To make the comparison more quantitatively, we adopt intersection-over-union (IoU) and pixel accuracy (PA) to evaluate the segmentation results in Table 1. IoU is the standard metric for segmentation purposes. It computes a ratio between the intersection and the union of the ground truth and the predicted segmentation. The ratio can be reformulated as the number of true positives (TP) over the sum of true positives, false positives (FP) and false negatives (FN). Pixel accuracy is another metric, simply computing a ratio between the amount of properly segmented pixels and the total number of them [18].

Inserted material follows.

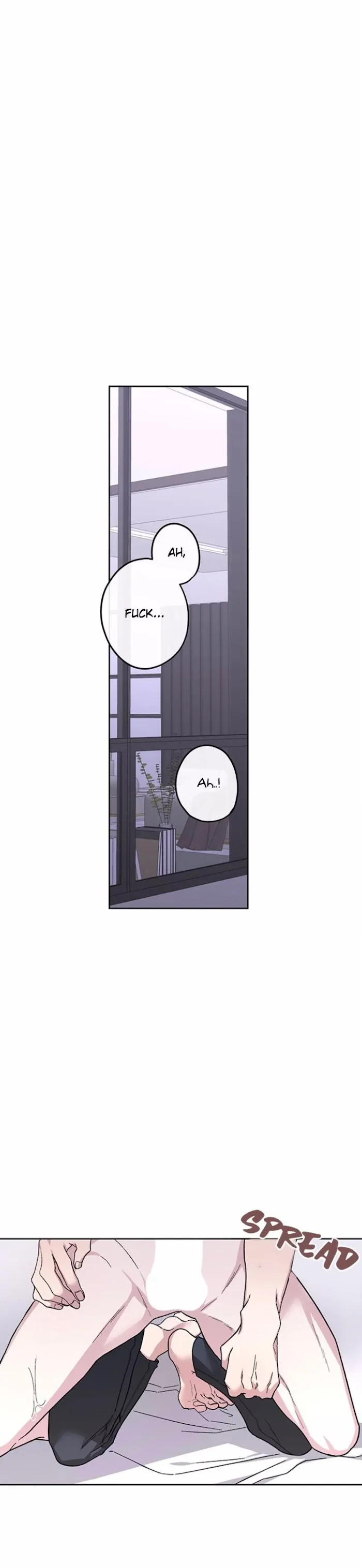 Read Exotic Love chapter 19 image 1 on Lezhin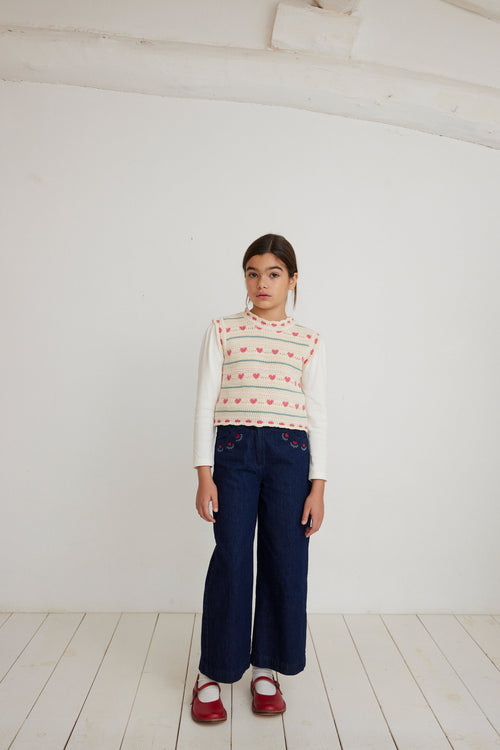 Gilet Josie - Enfant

Table 1. Quantitative segmentation results of different networks.
$$ IoU = \frac{TP}{TP + FP + FN} $$
(6)
$$ PA = \frac{TP}{TP + FP} $$
(7)

As we have seen in the Table 1, all three cGANs and DenseNet achieve better segmentation according to both IoU and PA. Results from DenseNet is overall better than original cGAN but worse than the improved cGAN. cGAN with only Dice loss function is added to reflect the importance of Dice loss function. Compared with original cGAN, segmentation of cGAN with only Dice loss function can achieve higher PA but lower IoU. In theory, Dice loss function adds more strict constraint to net, and the segmentation just contains the most obvious part of LCs and losses some part of the LCs, which is not obvious to the net. L1 loss is also important in cGAN since it penalizes the difference between ground truth and outputs and also encourages the output to be aligned with the input. Finally, the proposed net with both L1 loss and Dice loss achieves better IoU and better PA than other nets. It seems to be the most appropriate method to solve the LCs segmentation problem.

4 Conclusion

We propose an improved conditional GAN to segment LCs in ICGA images. Compared with original cGAN, U-Net and DenseNet, adding Dice loss function can solve the data imbalance problem and optimize the segmentation results. According to the results of experiments on the data set, the segmentation in the proposed network is overall better than other nets.